I read many of these blogs and the numerous comments that followed – almost all of which agreed with the negative side of the parent-driven play date. One dad said that play dates were ruining an entire generation. A mom of three said trying to keep up with her kids ‘dates’ and having to talk to a bunch of parents she didn’t know made her so angry that she ended up yelling at her kids almost every time they were on their way to a friends’ house to ‘play’. And yet another parent was annoyed because he had to do the calling and arranging, when he wanted to brush it off to his 6-year-old daughter.
What was interesting to me is that almost all of these bloggers and commenters had something strikingly in common – when they mentioned the ages of their children, it was sure to be between 3 and 6. And this is where my disagreement with the idea that play dates are unnecessary or bad for our kids’ social skills comes in. Although I think that both spontaneous forms of playing with the kid down the street and the planned ahead ‘date’ can and should exist in harmony, lots of (younger) parents may be missing the brighter side of the play date.
I loved when Ben could see me making new ‘friends’ because of him! For one thing, he was a shy kid (not so much anymore) and I thought it was important for him to see that even when I didn’t know someone, I was willing to reach out to them and maybe even make a new friend of my own (by the way, I am introverted by nature and it was never easy for me, but I had to push through to set the example).
And as time marched on, I let Ben know that it was up to him to begin arranging to hang out with someone….all in due time. So if (newer) parents would give it just another couple of years, here’s what they’d find….
When a kid reaches about fourth or fifth grade, the words ‘play date’ cease to exist. Extremely uncool. At that point, they just want to ‘hang out’ with someone. (I dare you to call it a play date and see what happens when your son or daughter turns 11.) And they will be happy to tell you exactly who they want to hang out with. So, they’ll start coming home and asking if Joey can come home with them on Wednesday. And yes, you just might have to send an email or text or Facebook message to Joey’s mom or dad to see if it’s okay. Is that really so hard?
And those same parents might not believe this now, but knowing all of those other adults and how they raise their kids can help you immensely when your kid gets to middle and high school – you’ll figure out who’s home when the party is at their house, who you can trust to drive your precious cargo around and who you can count on in times of need. And…you might just pick up a few life-long friends along the way. (See my piece on the Value of Mom Friends: http://wp.me/p1QAv8-2j). Sure, you just may run into a few nutty moms along the way, some major helicopters or control freaks, or a health nut or two.
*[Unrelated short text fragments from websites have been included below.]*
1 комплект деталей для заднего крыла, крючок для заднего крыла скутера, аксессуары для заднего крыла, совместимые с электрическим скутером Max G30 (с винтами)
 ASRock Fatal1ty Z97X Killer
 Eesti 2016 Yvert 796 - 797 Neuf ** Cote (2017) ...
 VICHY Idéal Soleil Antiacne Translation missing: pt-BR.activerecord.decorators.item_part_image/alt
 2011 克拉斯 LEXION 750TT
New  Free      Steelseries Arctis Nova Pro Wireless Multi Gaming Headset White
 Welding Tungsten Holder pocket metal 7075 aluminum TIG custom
But those encounters make for good cocktail party stories, and sometimes help you know who you stealthily avoid (or who to turn to when you need to ramp up your workout…).
And I promise you – before you know it, your son WILL be out throwing around the football without you telling at him to get outside and get some fresh air (if you’re lucky, he might just ask you to join him). Your daughter WILL want to walk around the neighborhood with a friend and your dog – and just happen to walk past the house where the cute eighth grader lives about three blocks away.
Your kids WILL arrange their own hang-out time, activities and sporting events. And YOU will be asked to drive – but now you’ll be asked instructed to drive in silence so you don’t embarrass them, or pick them up a little further down the street than you might like, or drop them at the football game but please don’t stay and if you insist on staying, for God’s sake, PLEASE don’t speak to them.
As much as I do agree that the term ‘play date’ is a bit over-used, kind of cheesy and annoying to hear, it serves a purpose. Besides the point that lots of kids don’t live in neighborhoods that lend themselves to just running down the street and banging on a door, lots of parents work. So, we find ourselves having to plan a little bit more ahead, budgeting our time and weighing priorities and schedules. I’m thinking that’s not really a bad thing – for our kids or us.
For now – cherish the ride in the car in which you can actually talk and laugh and sing together on the way to a friend’s house (instead of talking over and censoring lyrics and language). And most of all, cherish all the great teachable moments that play dates can impart on your kids.